> [ABOUT THIS EXERCISE]:
Return the run of lines below that opens with the line containing "Vans - Picture 3 of 3" and closes with the line containing "Hotel Villa Costa", keeping each one exact.
═══ DATA FOR PROCESSING
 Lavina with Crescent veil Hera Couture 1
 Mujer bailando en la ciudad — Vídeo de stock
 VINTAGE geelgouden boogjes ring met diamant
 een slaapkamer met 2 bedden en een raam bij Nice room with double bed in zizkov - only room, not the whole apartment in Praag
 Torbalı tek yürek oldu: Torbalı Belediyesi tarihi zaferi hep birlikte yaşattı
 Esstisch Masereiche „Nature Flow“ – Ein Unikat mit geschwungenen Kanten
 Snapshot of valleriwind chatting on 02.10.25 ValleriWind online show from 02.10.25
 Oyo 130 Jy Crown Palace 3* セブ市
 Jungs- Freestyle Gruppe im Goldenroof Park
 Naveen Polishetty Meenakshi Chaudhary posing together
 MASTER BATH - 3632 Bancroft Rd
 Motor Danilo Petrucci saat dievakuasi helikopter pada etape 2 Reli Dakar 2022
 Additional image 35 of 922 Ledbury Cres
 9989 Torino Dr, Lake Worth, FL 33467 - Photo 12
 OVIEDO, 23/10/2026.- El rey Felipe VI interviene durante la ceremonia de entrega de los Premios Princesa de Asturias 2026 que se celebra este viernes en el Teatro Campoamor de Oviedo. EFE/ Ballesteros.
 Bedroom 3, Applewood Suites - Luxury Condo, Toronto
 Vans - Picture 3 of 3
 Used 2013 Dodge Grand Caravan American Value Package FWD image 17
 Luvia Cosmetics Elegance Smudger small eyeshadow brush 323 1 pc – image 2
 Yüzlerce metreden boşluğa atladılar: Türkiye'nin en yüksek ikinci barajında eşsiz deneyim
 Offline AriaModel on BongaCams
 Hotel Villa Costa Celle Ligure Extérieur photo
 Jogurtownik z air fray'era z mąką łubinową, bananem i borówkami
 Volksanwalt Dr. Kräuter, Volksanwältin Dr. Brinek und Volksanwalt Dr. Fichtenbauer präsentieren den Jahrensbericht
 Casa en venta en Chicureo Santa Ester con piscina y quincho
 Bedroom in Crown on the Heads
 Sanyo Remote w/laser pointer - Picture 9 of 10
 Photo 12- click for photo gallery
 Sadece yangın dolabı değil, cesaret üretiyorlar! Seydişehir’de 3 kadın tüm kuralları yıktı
══════
> [WRITTEN REPLY]:
 Vans - Picture 3 of 3
 Used 2013 Dodge Grand Caravan American Value Package FWD image 17
 Luvia Cosmetics Elegance Smudger small eyeshadow brush 323 1 pc – image 2
 Yüzlerce metreden boşluğa atladılar: Türkiye'nin en yüksek ikinci barajında eşsiz deneyim
 Offline AriaModel on BongaCams
 Hotel Villa Costa Celle Ligure Extérieur photo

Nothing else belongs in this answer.